#### What you need to do
Taking only the lines of the data below from the line with "Long Red Velvet Gloves" to the line with "Personalized Ballet Shoes", ends included, write them out exactly and without pictures.

#### Entries supplied
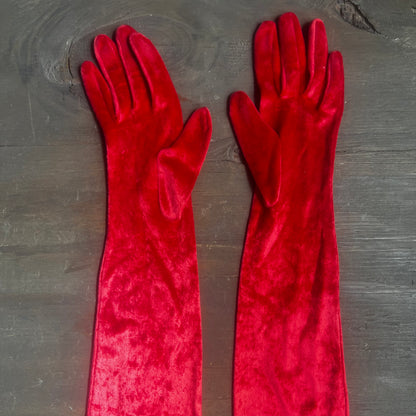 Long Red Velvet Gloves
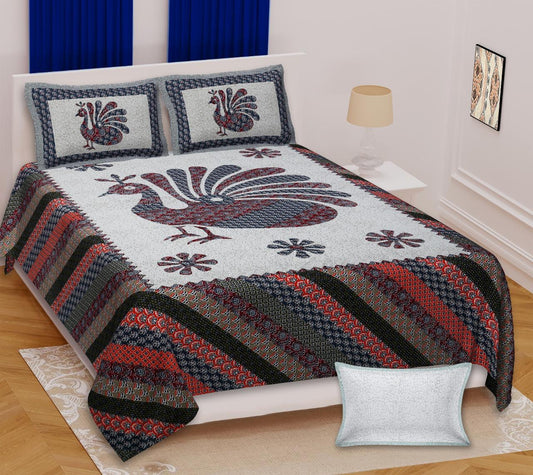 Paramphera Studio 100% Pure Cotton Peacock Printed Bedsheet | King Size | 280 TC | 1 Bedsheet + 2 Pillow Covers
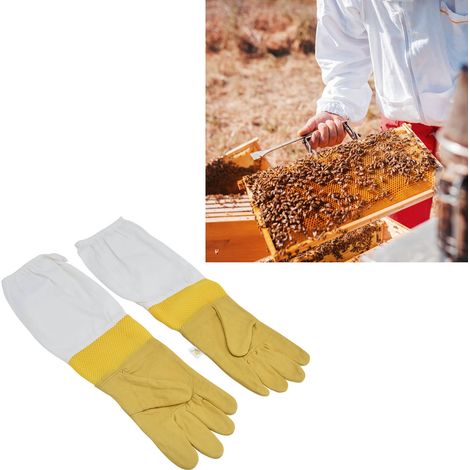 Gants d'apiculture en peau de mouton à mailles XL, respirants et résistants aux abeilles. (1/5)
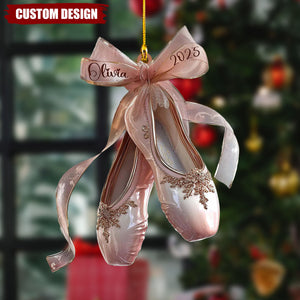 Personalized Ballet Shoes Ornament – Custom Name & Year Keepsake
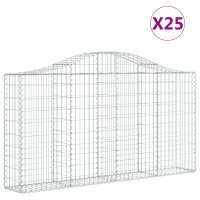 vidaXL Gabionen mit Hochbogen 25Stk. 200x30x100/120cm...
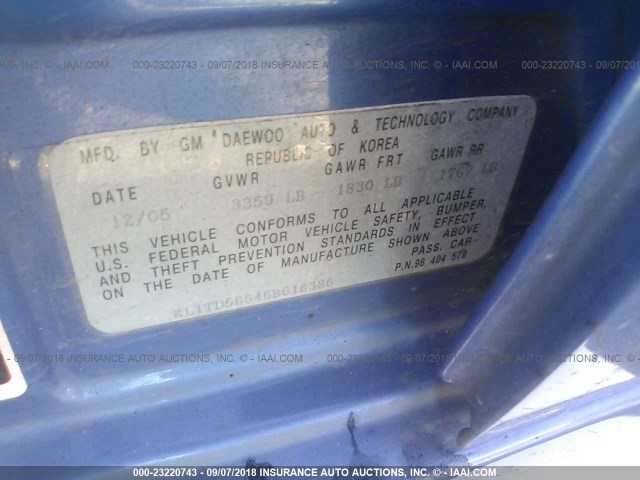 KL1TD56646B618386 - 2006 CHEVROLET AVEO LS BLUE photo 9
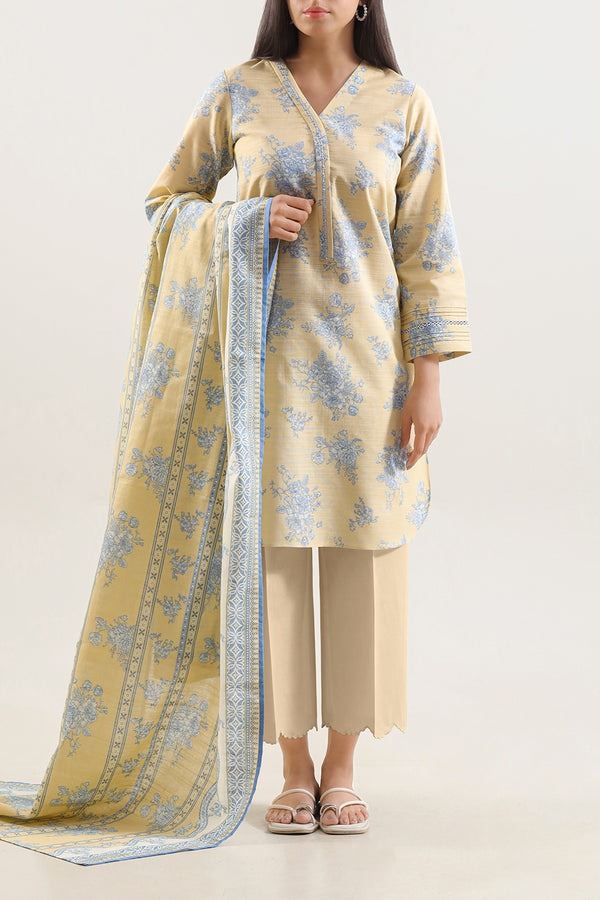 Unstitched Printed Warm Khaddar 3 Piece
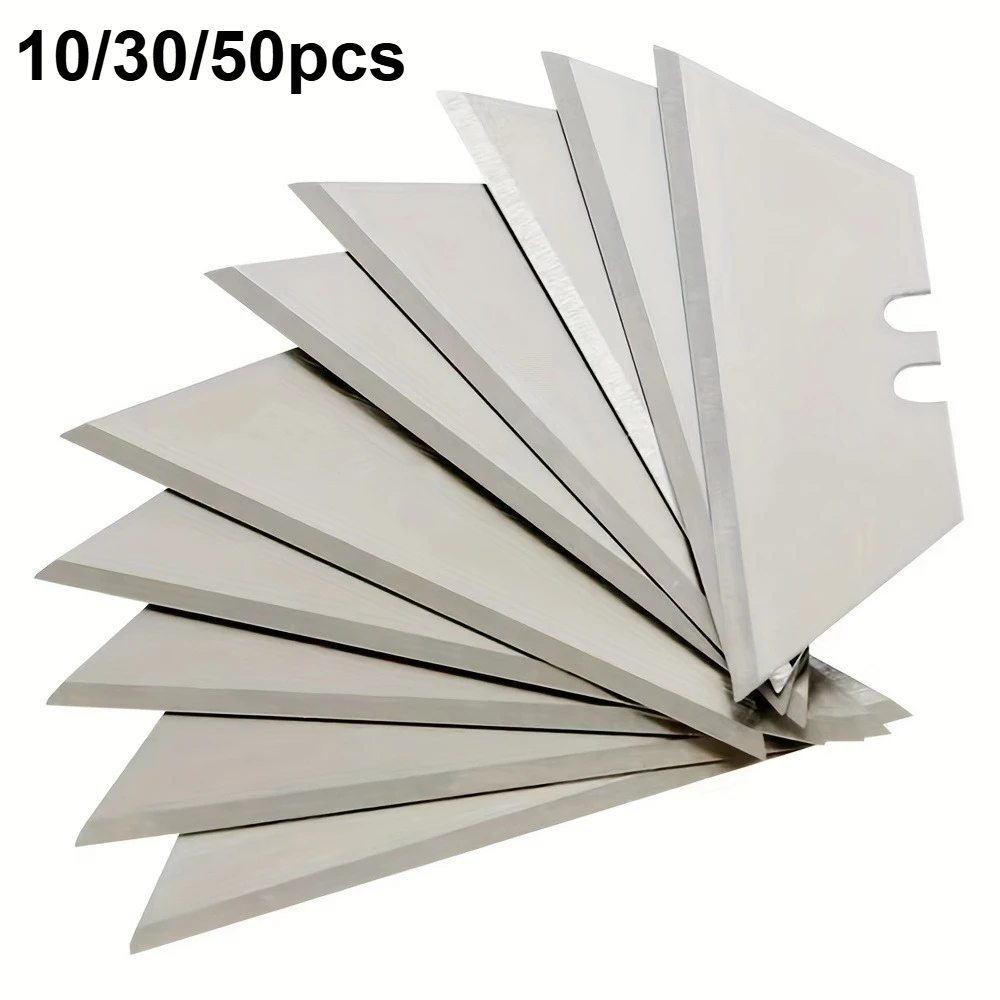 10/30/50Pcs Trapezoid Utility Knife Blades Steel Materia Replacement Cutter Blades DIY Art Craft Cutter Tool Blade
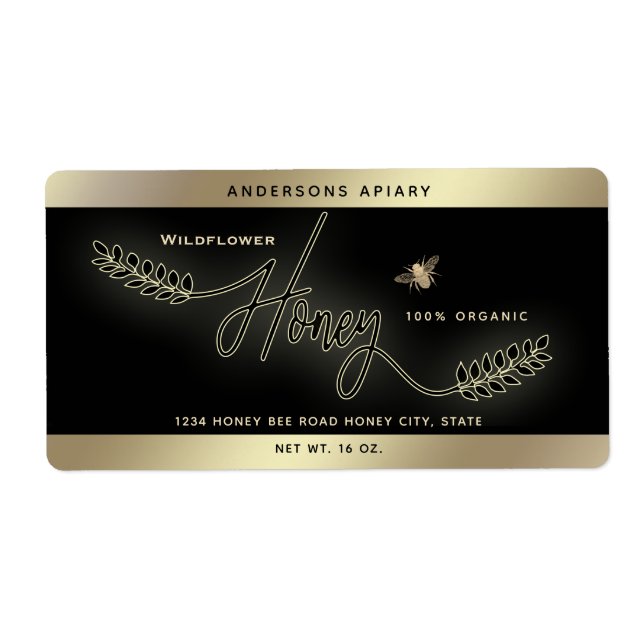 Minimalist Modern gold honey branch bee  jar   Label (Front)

* * *

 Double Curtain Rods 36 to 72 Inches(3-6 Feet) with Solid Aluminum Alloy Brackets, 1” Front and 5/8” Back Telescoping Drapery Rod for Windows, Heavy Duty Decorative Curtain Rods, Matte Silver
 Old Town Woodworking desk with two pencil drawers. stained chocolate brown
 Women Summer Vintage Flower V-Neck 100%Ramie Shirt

#### Finished exercise
 Long Red Velvet Gloves
 Paramphera Studio 100% Pure Cotton Peacock Printed Bedsheet | King Size | 280 TC | 1 Bedsheet + 2 Pillow Covers
 Gants d'apiculture en peau de mouton à mailles XL, respirants et résistants aux abeilles. (1/5)
 Personalized Ballet Shoes Ornament – Custom Name & Year Keepsake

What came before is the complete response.